Every one of those posts started as a note in Obsidian (my notes and PKM app — personal knowledge management, basically a supercharged local markdown vault with graph-style backlinks between ideas).
So the move felt obvious: write in Obsidian, publish to the web. Simple, right?
the wall
Here's what nobody tells you.
Obsidian has its OWN flavor of markdown.
![[image.png]] is how you embed an image inside Obsidian. Drop that in front of a standard web renderer? It just prints the literal text. Broken. Useless.
[[some note title]] is a wiki-link. It's the backbone of how Obsidian connects ideas. A standard markdown library has absolutely no idea what to do with it.
And the image attachment paths? Obsidian stores them relative to your vault structure. A Next.js app expects them in public/. Completely different worlds.
I pointed a standard renderer at my Obsidian files and got garbage output. Angle brackets. Raw syntax showing through. Images 404ing.
what I tried first
My first move was "there HAS to be a library for this."
There are some. None of them matched exactly how I wanted attachments handled, and I kept hitting edge cases my posts exposed.
I'll admit it: I spent longer hunting for a ready-made answer than it would have taken to just write the thing myself. Classic trap.
the fix that worked
Three files. That's genuinely it.
lib/obsidian-md.ts— transforms Obsidian-flavored markdown into standard web-renderable HTML: converts![[...]]embeds, resolves[[wikilinks]], cleans up frontmatterlib/render.ts— the final rendering pass that takes the transformed output and makes it page-readyscripts/copy-attachments— a build-time script that walks the vault, finds every image, and copies it intopublic/so paths actually resolve
Commit efb0d36. Nineteen posts live. Twenty images following along for the ride.

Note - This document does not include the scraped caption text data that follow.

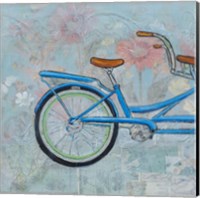Bicycle Collage I Fine Art Print
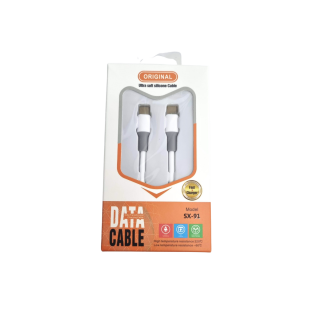 Cablu din silicon Alimentare Date C-C 1M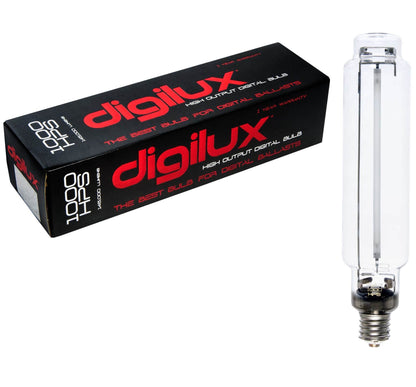 Digilux DX1000 1000 Watt HPS HID Sodium Digital Ballast Grow Lamp Light Bulb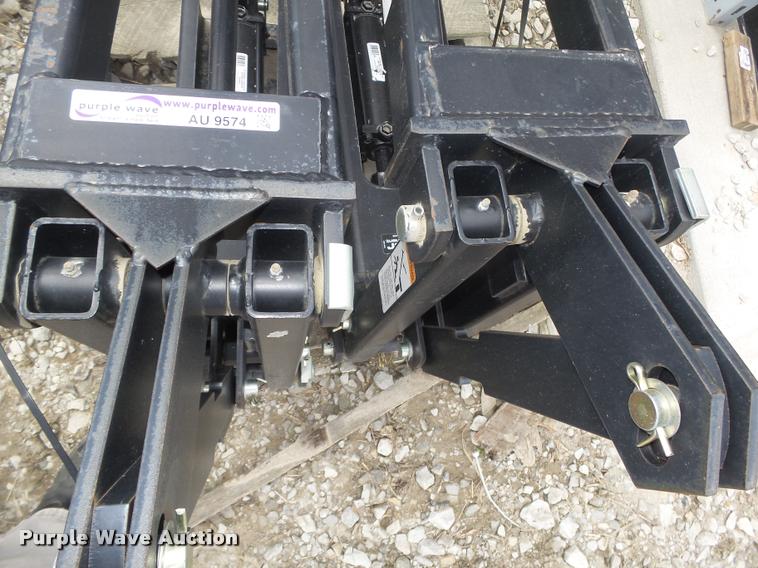 image for item AU9574 Yetter grain drill marker arm assembly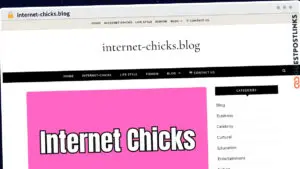 Publish Guest Post on internet-chicks.blog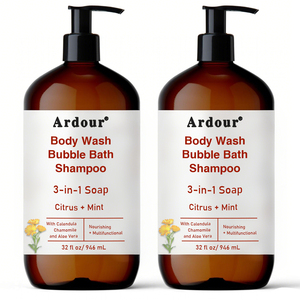 Cleansing Tea Tree Odor <b>Control</b> <b>Shower</b> Gel for Men Refreshing Energizing Moisturizing - Product Image 6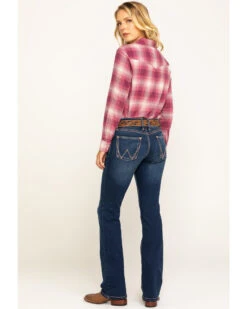 Wrangler Retro Women's Mid-Rise Boot Cut Jeans -Velora Studio Shop 350D29 88 P6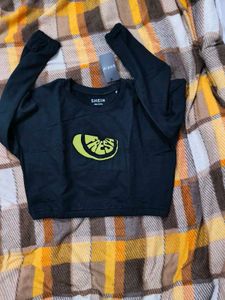 Swetshirts Stylish Black Shein Graphic Sweatshir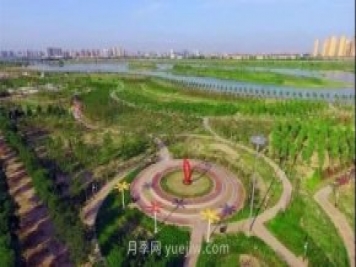 咸陽4A級景區(qū)級別月季園，五一假期游玩就要去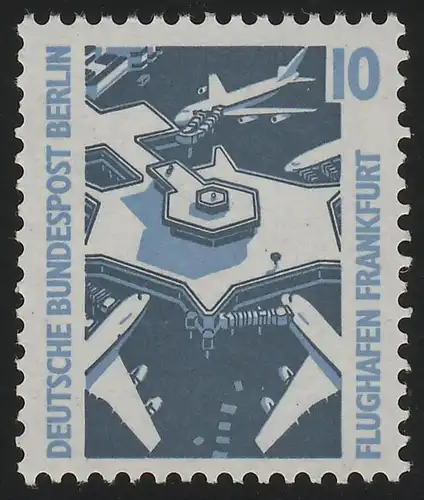 798 SWK 10 Pf, Rollenanfang 1 **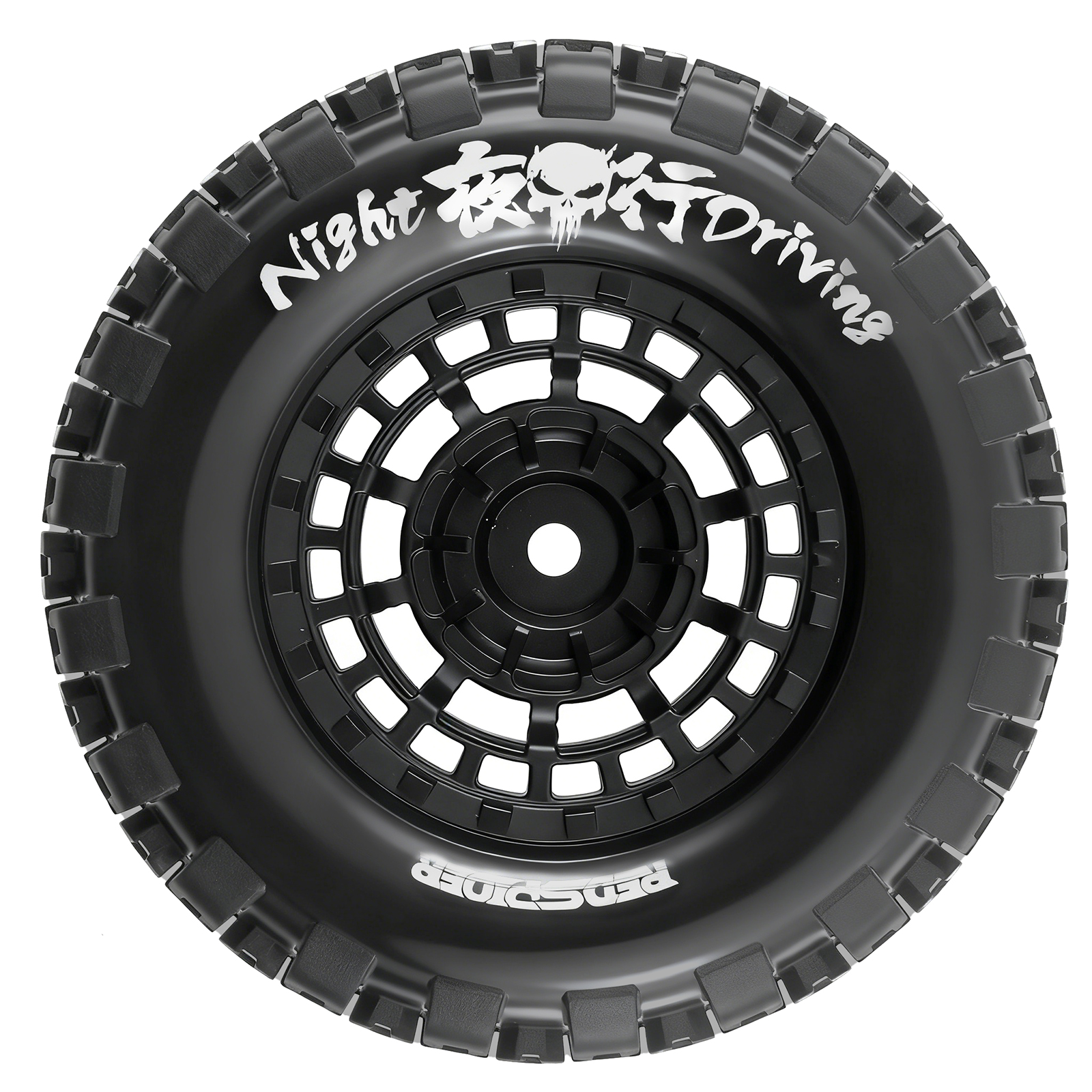 100mm RC Car Rubber off-road T - Rc Hobby Dump Truck reseña y precio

One bonus find along the way: Next.js 16 changed the default behavior of dynamicParams, and it was quietly exposing draft posts to anyone who guessed the URL. Caught it before anything went live. One config line to close it.
Worth knowing if you're on Next 16.
why this matters to me
Obsidian is GENIUS for writing. The backlinks, the graph view, the way a note about one project connects to a half-finished thought from three months ago. Nothing else does that the same way.
But the moment I wanted to SHARE something, I'd have to copy-paste into another tool, reformat by hand, and pray the images came with me.
This pipeline ended that loop entirely. I write in Obsidian the same way I always have. The translation layer is invisible. The posts just… appear.
If your writing already lives somewhere you love, don't abandon the tool. Build the bridge instead.
P.S. All 19 posts migrated from pika.page came through clean on the first run. That genuinely never happens. I'm still suspicious.